Work to be completed: Copying nothing before it, reproduce the line that holds "В Тучковской библиотеке" and every line after it in the data, exactly.

↓↓↓

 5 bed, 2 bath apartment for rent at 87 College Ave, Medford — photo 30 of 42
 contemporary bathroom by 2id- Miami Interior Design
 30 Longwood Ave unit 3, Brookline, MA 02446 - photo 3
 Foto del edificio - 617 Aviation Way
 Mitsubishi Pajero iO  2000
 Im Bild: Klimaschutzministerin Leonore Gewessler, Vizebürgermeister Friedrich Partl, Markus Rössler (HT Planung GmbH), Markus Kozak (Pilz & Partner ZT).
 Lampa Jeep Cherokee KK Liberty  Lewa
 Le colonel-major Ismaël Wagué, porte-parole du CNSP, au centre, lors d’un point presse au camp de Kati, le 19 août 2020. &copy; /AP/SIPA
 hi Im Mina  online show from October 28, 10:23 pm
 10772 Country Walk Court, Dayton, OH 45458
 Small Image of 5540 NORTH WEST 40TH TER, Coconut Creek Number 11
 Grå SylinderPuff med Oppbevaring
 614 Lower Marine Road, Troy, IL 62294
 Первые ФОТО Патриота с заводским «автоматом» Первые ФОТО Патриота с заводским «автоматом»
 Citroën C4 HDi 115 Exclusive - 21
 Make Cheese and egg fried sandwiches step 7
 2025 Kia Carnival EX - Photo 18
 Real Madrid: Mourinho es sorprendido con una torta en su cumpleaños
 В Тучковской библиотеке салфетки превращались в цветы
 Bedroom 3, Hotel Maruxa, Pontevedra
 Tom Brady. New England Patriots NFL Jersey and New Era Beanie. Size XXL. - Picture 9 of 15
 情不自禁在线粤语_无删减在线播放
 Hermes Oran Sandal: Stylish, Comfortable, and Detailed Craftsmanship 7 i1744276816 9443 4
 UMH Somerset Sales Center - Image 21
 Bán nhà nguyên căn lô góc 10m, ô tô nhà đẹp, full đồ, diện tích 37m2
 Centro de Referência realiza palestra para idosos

↑↑↑

Solution to the problem:
 В Тучковской библиотеке салфетки превращались в цветы
 Bedroom 3, Hotel Maruxa, Pontevedra
 Tom Brady. New England Patriots NFL Jersey and New Era Beanie. Size XXL. - Picture 9 of 15
 情不自禁在线粤语_无删减在线播放
 Hermes Oran Sandal: Stylish, Comfortable, and Detailed Craftsmanship 7 i1744276816 9443 4
 UMH Somerset Sales Center - Image 21
 Bán nhà nguyên căn lô góc 10m, ô tô nhà đẹp, full đồ, diện tích 37m2
 Centro de Referência realiza palestra para idosos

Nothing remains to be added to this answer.